Db2 Access Plan Explanation

This explain output shows how Db2 executes a vector similarity search query that finds the 10 most similar vectors to a randomly selected vector from a table with 600,000 rows.

What the Query Does

The query:

  1. Picks one random vector from the v_random24 table (the subquery)
  2. Compares ALL vectors in the table against this random vector using Euclidean distance
  3. Returns the 10 closest matches, sorted by distance

How Db2 Executes It (Reading Bottom-Up)

Step 1: Vector Index Scan (IXSCAN - Operator #7)

  • Uses the vector index V_RANDOM24_INDEX to efficiently search for similar vectors
  • Uses DiskANN algorithm with:
    • Beam width: 2 (how many paths to explore simultaneously)
    • Search list size: 50 (candidate pool size)
  • Cost: 421.312, reads ~60 pages
  • Finds approximately 10 candidate rows using the vector index

Step 2: Fetch Data (FETCH - Operator #6)

  • Retrieves the actual ID column from the table for the 10 candidates found by the index
  • Cost: 491.622, reads ~70 pages total
  • Uses sequential prefetch with readahead for efficiency

Step 3: Get Reference Vector (TBSCAN - Operator #5)

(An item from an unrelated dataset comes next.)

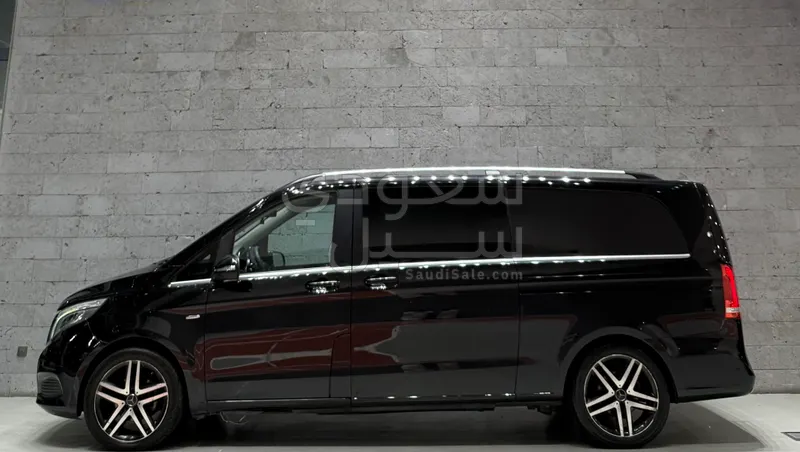 2015 مرسيدس - بنز في 220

  • Scans the table to get the random reference vector (the subquery result)
  • Cost: 2526.83, reads 2,099 pages
  • This is expensive because it’s a full table scan to get one row

Step 4: Join and Calculate Distances (NLJOIN - Operator #4)

  • Nested Loop Join combines the reference vector with the 10 candidates
  • Calculates VECTOR_DISTANCE() for each of the 10 rows
  • Cost: 498.671

Step 5: Sort Results (SORT - Operator #3)

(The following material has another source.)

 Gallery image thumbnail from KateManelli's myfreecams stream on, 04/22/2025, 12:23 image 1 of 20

  • Sorts the 10 results by distance (ascending)
  • Uses “truncated sort” optimization since we only need 10 rows
  • Cost: 498.673

Step 6: Return Results (RETURN - Operators #2, #1)

  • Final table scan and return of the sorted 10 rows

Key Performance Insights

Total Cost: 498.673 (relatively efficient for 600K rows)

The Good:

  • Vector index is being used - this is critical for performance
  • ✅ Only 10 rows are fetched from the table (not all 600K)
  • ✅ Truncated sort optimization applied

The Bottleneck:

  • ⚠️ The subquery (getting the random vector) does a full table scan (2,099 pages)
  • This is the most expensive part of the query

Why It’s Efficient Overall: The vector index (V_RANDOM24_INDEX) allows Db2 to find the 10 nearest neighbors without comparing against all 600,000 vectors. Instead of 600K distance calculations, it uses the DiskANN graph structure to navigate directly to similar vectors.

Summary

This is a vector similarity search using a specialized vector index. The query efficiently finds the 10 most similar items out of 600,000 by leveraging Db2’s vector index capabilities, though the nested subquery for getting the reference vector adds some overhead.